§ Given data
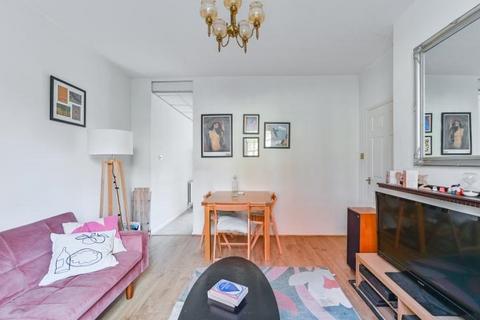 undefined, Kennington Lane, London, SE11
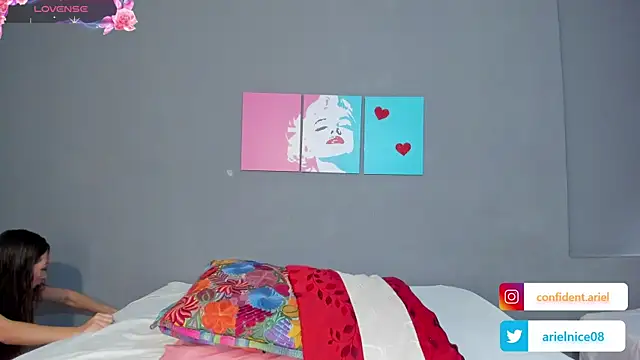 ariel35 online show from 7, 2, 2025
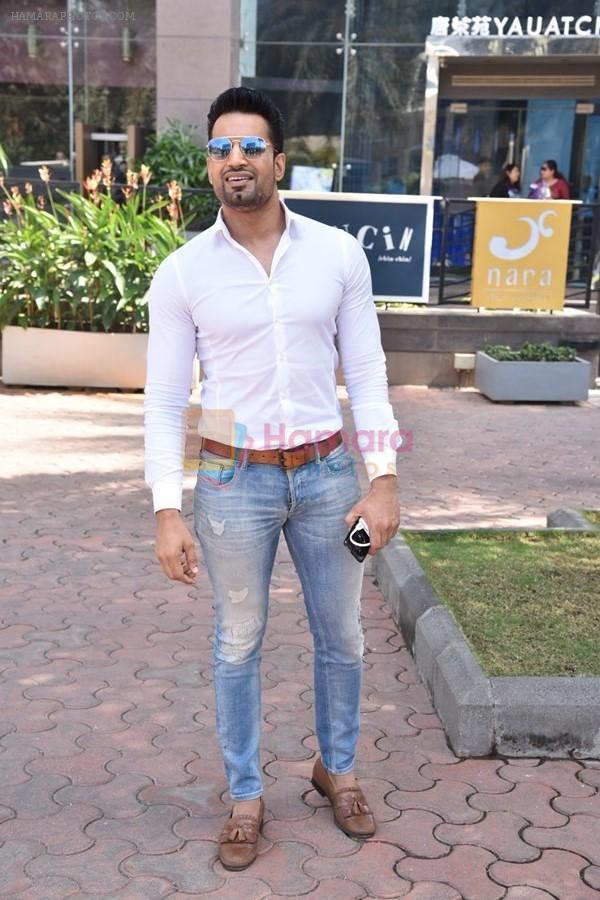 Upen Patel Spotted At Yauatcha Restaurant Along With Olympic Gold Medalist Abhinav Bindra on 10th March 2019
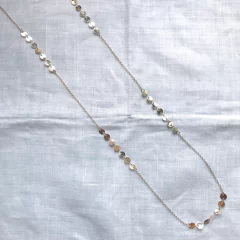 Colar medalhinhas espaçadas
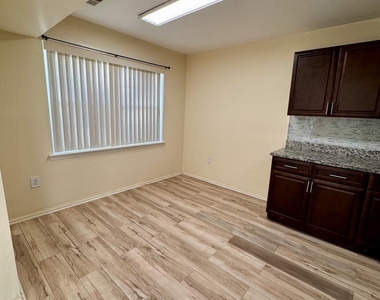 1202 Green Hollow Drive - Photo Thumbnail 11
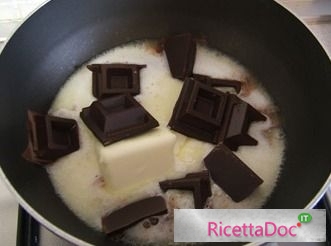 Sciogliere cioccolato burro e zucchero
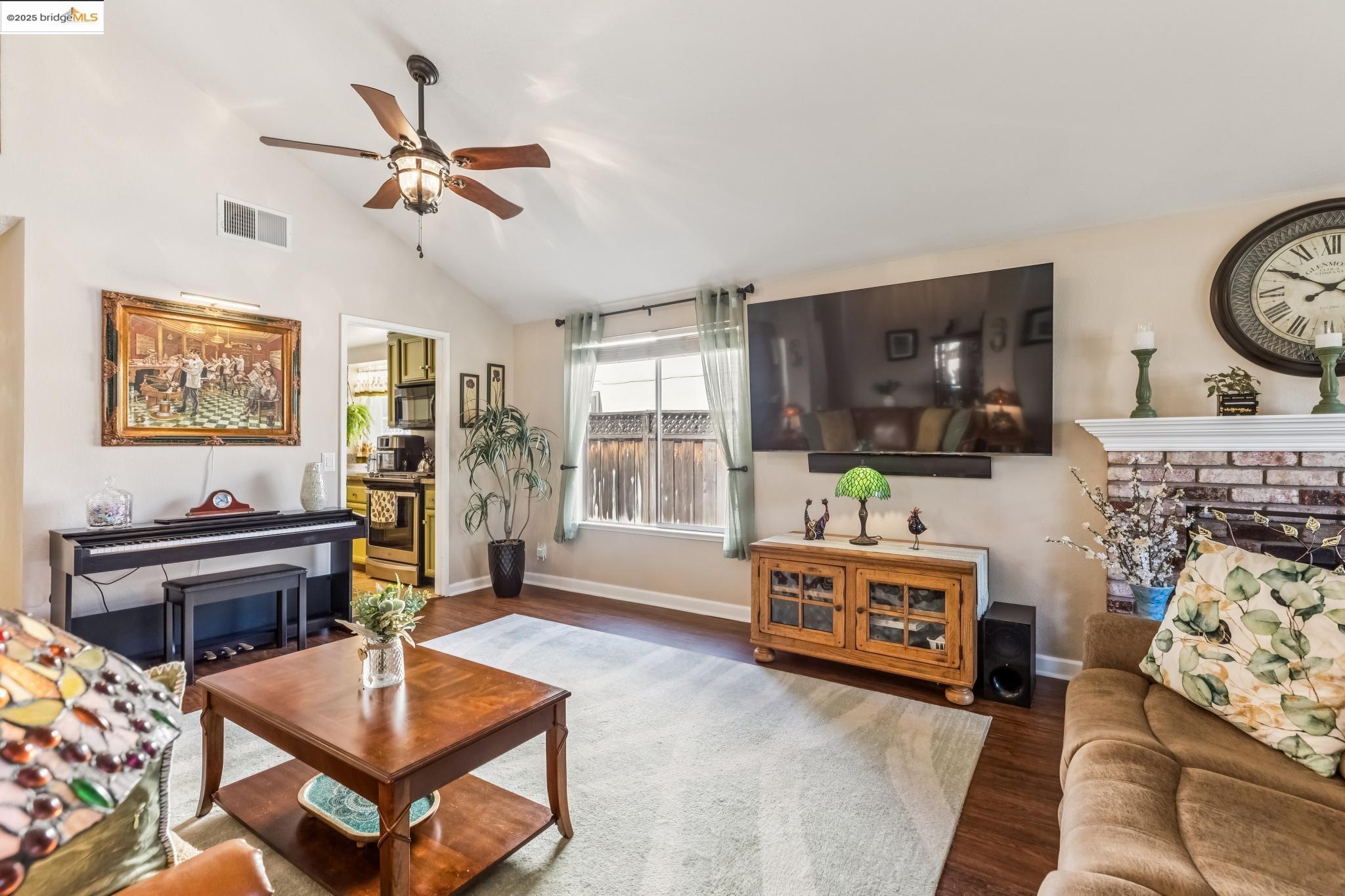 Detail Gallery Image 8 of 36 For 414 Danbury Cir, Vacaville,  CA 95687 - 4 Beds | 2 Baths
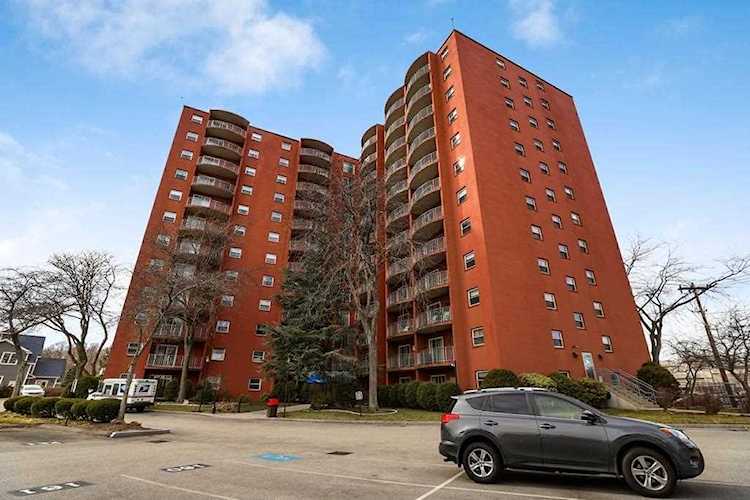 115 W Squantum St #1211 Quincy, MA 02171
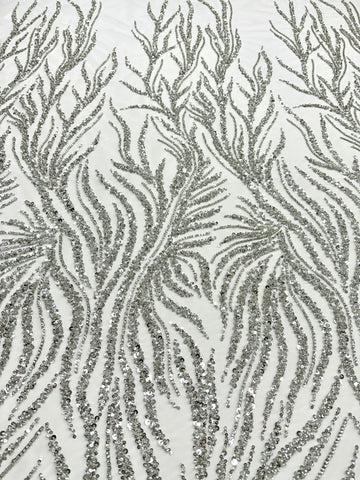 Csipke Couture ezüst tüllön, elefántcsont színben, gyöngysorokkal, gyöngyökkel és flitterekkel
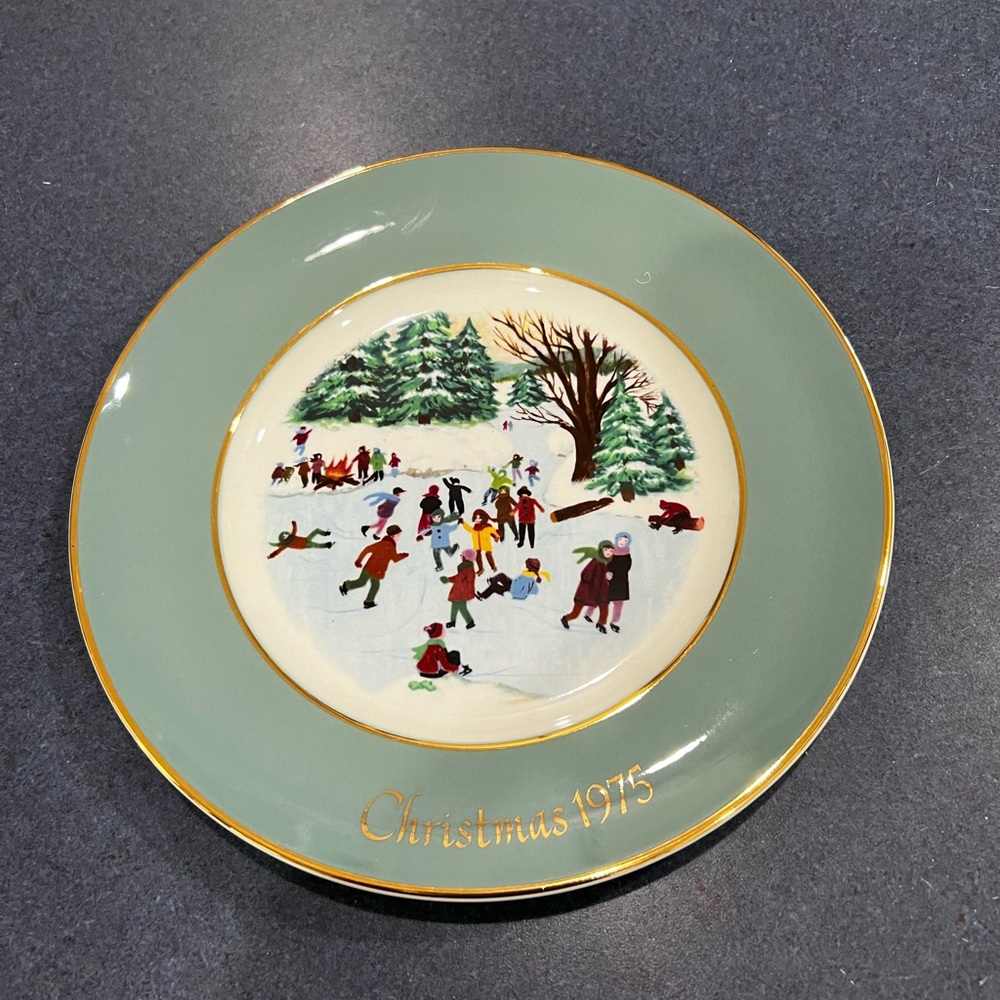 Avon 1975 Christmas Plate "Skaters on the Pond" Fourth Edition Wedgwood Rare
...
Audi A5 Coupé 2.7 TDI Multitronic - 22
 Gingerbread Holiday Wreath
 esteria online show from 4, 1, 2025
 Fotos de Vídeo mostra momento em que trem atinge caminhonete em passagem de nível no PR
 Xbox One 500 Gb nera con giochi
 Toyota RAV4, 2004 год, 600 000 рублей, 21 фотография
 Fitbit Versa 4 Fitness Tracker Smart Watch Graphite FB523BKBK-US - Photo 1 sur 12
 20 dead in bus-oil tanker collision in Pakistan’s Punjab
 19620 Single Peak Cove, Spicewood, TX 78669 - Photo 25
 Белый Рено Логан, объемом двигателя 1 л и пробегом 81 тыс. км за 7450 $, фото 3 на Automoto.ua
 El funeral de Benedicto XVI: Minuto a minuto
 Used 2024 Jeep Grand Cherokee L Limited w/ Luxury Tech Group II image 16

§ Aim of the exercise
Everything above from the line containing "Sciogliere cioccolato burro e zucchero" down to the line containing "Avon 1975 Christmas" is to be duplicated exactly, both lines included, and the pictures are to be omitted.

§ Solution for this task
 Sciogliere cioccolato burro e zucchero
 Detail Gallery Image 8 of 36 For 414 Danbury Cir, Vacaville,  CA 95687 - 4 Beds | 2 Baths
 115 W Squantum St #1211 Quincy, MA 02171
 Csipke Couture ezüst tüllön, elefántcsont színben, gyöngysorokkal, gyöngyökkel és flitterekkel
 Avon 1975 Christmas Plate "Skaters on the Pond" Fourth Edition Wedgwood Rare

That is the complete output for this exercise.